[Dataset records]
____________
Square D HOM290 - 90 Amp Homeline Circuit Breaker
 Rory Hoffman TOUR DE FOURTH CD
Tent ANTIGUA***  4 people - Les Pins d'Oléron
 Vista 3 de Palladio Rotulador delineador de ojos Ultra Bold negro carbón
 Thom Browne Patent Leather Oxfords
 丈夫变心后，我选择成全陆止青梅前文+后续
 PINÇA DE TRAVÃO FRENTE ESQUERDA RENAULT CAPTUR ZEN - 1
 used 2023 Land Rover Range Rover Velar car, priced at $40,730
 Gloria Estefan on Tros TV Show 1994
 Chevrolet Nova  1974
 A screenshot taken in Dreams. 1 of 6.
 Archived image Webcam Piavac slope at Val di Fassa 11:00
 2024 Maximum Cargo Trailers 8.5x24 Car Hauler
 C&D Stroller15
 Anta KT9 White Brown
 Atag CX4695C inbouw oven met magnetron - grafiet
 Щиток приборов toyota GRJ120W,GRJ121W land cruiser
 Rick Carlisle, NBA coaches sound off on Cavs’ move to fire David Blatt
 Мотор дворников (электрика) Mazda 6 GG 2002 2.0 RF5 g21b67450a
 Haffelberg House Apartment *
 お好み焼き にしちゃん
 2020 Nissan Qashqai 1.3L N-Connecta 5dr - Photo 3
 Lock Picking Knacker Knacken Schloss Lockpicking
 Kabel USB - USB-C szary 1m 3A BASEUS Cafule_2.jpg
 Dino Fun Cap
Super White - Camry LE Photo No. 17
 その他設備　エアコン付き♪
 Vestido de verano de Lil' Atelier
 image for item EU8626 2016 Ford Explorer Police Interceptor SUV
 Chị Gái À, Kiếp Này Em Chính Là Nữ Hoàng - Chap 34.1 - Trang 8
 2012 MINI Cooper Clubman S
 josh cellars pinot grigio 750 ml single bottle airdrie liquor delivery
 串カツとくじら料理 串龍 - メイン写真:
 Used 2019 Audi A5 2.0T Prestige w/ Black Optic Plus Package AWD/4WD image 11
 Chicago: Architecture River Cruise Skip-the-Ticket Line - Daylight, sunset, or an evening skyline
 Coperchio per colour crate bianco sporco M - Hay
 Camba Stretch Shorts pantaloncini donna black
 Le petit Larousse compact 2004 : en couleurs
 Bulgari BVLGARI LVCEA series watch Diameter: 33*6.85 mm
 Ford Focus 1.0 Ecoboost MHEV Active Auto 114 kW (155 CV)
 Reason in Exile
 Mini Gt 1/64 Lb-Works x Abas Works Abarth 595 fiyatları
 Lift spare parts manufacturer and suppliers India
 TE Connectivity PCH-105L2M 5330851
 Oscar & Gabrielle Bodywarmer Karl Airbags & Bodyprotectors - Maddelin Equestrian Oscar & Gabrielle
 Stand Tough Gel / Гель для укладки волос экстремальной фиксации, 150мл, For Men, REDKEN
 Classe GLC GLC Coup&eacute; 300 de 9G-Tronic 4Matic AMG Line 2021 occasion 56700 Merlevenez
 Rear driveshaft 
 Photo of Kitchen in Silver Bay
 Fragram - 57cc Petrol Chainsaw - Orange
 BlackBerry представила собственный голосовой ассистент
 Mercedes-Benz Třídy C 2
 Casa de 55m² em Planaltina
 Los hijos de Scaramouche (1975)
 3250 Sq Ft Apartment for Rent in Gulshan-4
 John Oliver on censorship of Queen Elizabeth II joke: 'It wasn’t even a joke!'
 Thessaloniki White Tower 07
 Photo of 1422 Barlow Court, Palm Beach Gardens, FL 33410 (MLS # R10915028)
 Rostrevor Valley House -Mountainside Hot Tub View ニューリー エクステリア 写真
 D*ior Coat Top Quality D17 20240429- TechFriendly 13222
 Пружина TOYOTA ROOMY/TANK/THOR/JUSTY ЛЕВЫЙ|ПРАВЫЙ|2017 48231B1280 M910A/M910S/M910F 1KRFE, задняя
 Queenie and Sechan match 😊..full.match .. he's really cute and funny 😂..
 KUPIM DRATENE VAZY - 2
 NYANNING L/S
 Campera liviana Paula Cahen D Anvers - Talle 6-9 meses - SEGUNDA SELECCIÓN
____________
[PROBLEM REQUIREMENTS] Give the number of lines in the entries above that include the word "House", and nothing more.

[WRITTEN REPLY] 2